Exercise data

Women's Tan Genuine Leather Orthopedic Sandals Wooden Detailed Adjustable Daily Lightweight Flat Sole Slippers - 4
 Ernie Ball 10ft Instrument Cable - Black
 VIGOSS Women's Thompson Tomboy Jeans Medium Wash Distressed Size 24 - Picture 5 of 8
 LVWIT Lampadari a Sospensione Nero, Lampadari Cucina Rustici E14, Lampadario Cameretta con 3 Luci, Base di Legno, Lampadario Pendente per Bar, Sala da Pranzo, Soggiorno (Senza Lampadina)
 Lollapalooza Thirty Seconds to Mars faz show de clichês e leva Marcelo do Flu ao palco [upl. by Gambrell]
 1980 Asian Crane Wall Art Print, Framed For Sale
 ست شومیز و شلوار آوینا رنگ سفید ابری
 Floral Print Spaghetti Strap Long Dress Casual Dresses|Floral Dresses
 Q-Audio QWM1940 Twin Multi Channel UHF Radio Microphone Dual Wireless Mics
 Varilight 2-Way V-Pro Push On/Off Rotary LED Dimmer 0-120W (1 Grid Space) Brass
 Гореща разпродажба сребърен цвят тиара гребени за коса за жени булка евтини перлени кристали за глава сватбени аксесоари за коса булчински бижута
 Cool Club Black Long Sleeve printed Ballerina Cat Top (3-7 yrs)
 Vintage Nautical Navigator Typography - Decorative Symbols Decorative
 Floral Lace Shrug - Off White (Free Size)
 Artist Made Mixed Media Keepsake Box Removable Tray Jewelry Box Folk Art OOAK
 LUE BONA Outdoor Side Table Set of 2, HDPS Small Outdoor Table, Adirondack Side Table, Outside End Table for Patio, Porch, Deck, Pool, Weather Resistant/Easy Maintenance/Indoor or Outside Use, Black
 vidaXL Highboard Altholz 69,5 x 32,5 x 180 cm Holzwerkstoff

Required action
Go through the entries and return each line where the word "Floral" appears.

Written solution
 Floral Print Spaghetti Strap Long Dress Casual Dresses|Floral Dresses
 Floral Lace Shrug - Off White (Free Size)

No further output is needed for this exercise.